We did a holiday cooking class and made a delicious gratin of crêpes with roasted butternut and sage. Perfect to impress your friends and family during the holiday.
Unfortunately we messed up the recording and we don't have a cooking video to share. So instead here is Skye tasting a piece of the gratin afterwards. I think she approves :)
(Serves 4 as main dish, 8 as side dish)
* 2 cups flour
* 2 cups soy milk
* 1/2 cup Just Egg
* 1 Tbsp oil (I use safflower)
* 1 pinch of salt
Don’t worry if you don’t have Just Egg, replace it and the soy milk by:
* 3 cups water
* 2 oz tofu
* 2 tsp baking powder
* 1 cup raw cashews
* 3 cups water
* salt, pepper, and nutmeg to taste
* 1 Tbsp nutritional yeast
* 1 butternut squash, diced
* 1 bunch sage
* vegan goat cheese (optional, I use Violife feta cheese)
There are many parts in this recipe that can be done in parallel, so read the recipe entirely before starting :)
1) Roasted butternut:
Preheat oven to 400F.
Toss the diced butternut with a little olive oil and salt, and place on a baking sheet in the oven for 35 minutes or until golden.
Toss the leaves in the bowl where you tossed the butternut, so it uses the rest of the oil. Add them in the oven next to the butternut and roast for 10 minutes only.
An alternative is to fry them in a small pan with oil until crisp, but you will need to drain them on paper towels so it’s not too oily.
Blend all the ingredients together.
If you are using tofu instead of Just Egg, let the batter rest for a couple of hours before using it.
Use a nonstick pan, ideally a crêpe pan, and oil it thoroughly.

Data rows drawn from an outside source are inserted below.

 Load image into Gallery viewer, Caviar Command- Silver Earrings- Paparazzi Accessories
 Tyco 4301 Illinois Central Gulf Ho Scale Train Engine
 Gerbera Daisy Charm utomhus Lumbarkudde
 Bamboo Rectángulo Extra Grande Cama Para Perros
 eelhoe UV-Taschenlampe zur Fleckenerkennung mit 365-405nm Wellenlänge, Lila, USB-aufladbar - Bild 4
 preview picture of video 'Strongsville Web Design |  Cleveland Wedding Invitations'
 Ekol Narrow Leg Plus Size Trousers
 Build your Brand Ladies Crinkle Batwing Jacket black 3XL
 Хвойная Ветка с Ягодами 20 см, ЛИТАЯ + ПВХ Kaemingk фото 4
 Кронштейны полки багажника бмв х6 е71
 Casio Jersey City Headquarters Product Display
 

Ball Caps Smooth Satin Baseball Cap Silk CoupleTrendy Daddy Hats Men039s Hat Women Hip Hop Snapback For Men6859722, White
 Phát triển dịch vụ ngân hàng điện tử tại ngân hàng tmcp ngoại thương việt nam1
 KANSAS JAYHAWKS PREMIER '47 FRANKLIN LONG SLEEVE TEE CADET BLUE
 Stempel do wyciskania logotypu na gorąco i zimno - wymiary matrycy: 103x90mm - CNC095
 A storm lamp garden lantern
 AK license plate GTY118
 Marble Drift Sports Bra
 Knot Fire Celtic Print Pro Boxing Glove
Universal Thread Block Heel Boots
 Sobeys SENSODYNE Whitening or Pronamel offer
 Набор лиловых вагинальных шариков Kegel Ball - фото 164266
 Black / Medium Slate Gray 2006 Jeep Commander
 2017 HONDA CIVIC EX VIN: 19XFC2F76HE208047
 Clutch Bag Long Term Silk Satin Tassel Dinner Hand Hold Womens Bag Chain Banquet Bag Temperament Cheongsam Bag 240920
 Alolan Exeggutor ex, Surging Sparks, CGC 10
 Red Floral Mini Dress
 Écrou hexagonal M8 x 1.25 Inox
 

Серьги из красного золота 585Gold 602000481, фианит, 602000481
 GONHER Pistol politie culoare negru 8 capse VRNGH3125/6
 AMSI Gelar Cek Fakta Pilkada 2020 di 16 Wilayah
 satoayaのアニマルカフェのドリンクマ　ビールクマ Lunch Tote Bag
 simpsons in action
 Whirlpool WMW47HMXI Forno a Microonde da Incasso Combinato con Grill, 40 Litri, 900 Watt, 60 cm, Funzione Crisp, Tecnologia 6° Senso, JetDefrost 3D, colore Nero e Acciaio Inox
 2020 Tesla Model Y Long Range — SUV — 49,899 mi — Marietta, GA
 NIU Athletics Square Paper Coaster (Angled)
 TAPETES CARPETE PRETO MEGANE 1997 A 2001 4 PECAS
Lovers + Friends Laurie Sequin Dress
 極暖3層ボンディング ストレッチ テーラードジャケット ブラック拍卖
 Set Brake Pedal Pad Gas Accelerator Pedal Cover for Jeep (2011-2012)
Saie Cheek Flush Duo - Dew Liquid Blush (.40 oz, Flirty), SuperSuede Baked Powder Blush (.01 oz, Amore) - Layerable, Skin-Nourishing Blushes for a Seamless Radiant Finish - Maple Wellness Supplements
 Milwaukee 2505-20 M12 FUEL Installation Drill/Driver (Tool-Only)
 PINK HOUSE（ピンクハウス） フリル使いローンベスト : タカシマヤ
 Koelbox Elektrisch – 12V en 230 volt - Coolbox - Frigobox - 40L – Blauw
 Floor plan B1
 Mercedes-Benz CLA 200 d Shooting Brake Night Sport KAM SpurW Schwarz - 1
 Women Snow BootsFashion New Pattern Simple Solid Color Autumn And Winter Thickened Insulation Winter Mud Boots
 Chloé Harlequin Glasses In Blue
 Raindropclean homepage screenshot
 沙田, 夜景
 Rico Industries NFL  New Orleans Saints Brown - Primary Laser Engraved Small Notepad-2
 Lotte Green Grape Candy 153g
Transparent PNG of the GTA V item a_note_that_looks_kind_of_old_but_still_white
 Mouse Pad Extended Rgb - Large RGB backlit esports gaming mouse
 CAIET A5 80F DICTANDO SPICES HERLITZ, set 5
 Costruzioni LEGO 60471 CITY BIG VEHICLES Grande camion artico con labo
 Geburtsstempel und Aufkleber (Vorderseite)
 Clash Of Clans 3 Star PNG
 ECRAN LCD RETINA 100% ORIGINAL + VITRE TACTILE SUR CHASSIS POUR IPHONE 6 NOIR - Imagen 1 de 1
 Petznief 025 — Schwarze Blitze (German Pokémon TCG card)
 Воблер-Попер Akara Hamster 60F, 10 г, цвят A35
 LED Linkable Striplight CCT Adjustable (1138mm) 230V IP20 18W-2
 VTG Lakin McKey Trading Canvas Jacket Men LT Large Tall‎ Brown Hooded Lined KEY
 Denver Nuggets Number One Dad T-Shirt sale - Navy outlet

Heat it well on medium-high heat.
Remove briefly from heat and pour batter on it using a ladle. The batter should start sizzling right away. Cover the pan with a thin layer of batter by tilting the pan as shown in the video and cook until the edges are lifting (about a minute and a half).
Flip the crêpe and cook the other side for another minute and a half or till slightly brown.
Place the crêpe on a plate and keep warm with and repeat until you have 8 crêpes. If you have more batter, keep that to make sweet crêpes later :)
4) Cheesy béchamel:
Blend cashews with water. Cook in a saucepan until the sauce thickens.
Mix in the nutritional yeast. Add salt, pepper, and nutmeg to taste.
In each crêpe, put some roasted butternut, cheese (optional), béchamel, and a few sage leaves (save some for garnish!).
Roll the crepes and place them in a baking dish next to each other.
Pour the remaining béchamel sauce on top.
Put the dish under the grill and cook for 3-5 minutes.
Garnish with the reserved sage leaves and serve. I usually serve it with a nice crisp green lettuce.